§ **WHAT THE TASK REQUIRES**
Once you have located the line containing "one8 x puma" in the material below, return it exactly along with each line after it through the line containing "braised chicken thighs".
______________________________
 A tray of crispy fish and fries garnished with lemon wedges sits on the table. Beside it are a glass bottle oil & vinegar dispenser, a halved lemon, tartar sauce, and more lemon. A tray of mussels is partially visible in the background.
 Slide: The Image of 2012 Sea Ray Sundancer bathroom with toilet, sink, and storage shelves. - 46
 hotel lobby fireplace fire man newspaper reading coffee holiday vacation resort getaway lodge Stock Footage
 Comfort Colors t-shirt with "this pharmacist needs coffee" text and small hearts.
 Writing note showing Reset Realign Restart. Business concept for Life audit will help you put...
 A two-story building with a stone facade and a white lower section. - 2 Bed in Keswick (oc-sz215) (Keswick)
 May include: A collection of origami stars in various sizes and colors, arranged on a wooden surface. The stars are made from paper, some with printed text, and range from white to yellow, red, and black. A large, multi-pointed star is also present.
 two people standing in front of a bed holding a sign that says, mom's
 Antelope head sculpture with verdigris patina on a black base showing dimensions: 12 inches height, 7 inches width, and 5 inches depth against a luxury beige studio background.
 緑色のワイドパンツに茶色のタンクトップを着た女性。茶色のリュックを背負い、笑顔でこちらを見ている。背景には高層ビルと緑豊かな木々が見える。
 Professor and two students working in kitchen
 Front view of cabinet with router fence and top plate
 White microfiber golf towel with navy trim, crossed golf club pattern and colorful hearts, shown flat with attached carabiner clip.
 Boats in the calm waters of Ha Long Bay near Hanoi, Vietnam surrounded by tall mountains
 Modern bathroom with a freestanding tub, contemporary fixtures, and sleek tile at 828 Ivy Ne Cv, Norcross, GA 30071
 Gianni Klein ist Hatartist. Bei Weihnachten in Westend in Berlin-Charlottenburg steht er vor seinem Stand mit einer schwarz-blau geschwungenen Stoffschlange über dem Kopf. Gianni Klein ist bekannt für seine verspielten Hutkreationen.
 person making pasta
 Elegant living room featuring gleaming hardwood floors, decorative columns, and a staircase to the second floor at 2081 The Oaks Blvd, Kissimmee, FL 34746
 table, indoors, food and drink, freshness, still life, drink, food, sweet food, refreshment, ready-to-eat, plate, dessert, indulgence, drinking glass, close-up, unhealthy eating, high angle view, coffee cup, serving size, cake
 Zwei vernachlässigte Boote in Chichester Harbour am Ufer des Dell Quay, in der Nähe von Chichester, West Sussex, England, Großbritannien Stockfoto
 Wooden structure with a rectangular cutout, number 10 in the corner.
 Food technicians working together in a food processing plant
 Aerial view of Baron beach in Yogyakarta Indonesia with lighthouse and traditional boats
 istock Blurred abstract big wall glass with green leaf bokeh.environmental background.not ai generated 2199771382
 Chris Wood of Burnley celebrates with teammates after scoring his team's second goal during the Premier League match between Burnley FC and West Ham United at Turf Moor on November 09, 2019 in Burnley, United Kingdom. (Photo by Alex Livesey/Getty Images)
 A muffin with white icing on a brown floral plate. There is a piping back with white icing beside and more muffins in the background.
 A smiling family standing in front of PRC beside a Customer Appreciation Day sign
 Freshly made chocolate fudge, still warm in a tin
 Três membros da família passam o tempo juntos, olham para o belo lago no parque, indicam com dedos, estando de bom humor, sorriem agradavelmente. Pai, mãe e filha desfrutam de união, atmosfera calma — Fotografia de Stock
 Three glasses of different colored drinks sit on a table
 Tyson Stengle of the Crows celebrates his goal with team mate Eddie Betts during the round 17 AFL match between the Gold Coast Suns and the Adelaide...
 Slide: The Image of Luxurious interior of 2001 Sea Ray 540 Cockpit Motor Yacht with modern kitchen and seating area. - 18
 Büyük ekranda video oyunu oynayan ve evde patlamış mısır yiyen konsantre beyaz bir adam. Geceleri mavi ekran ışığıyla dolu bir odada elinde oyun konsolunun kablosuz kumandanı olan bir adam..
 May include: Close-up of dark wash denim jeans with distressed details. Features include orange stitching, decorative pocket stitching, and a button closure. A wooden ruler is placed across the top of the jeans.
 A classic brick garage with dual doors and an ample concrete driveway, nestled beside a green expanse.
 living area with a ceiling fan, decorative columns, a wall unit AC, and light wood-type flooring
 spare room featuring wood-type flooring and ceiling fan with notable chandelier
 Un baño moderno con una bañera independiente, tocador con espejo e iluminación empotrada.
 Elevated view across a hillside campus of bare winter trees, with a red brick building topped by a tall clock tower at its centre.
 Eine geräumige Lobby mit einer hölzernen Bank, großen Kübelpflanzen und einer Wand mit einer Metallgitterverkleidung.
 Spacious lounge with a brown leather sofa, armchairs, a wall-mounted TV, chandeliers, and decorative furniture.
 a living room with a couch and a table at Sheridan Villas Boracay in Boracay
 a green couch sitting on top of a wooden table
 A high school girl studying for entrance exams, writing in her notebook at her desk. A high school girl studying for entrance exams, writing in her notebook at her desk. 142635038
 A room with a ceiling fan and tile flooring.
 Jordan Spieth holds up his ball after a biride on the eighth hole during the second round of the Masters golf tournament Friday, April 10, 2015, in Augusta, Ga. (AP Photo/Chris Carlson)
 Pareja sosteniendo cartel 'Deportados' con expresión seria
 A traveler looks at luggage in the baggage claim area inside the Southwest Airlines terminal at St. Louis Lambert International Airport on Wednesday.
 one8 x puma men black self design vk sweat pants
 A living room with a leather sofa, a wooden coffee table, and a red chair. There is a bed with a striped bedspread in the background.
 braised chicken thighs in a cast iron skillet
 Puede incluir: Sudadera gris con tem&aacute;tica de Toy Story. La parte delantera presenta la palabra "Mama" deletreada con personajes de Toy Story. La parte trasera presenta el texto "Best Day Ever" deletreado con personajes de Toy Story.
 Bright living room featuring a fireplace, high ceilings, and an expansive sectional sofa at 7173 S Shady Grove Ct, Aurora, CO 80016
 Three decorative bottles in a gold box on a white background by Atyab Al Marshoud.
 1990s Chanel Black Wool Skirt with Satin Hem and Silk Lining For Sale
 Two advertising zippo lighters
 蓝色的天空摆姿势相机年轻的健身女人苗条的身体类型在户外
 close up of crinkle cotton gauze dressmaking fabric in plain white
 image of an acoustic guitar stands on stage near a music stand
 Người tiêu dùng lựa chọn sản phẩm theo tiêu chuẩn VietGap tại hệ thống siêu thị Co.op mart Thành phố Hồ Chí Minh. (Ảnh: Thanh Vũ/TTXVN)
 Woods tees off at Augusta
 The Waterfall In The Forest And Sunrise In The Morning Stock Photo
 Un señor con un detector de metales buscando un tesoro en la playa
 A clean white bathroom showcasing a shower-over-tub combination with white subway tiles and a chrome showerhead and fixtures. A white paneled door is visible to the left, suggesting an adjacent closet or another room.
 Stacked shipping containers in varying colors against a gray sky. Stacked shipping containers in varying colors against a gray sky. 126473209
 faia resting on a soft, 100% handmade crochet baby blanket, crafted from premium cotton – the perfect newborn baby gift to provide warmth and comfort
______________________________
§ **OUTPUT BELOW**
 one8 x puma men black self design vk sweat pants
 A living room with a leather sofa, a wooden coffee table, and a red chair. There is a bed with a striped bedspread in the background.
 braised chicken thighs in a cast iron skillet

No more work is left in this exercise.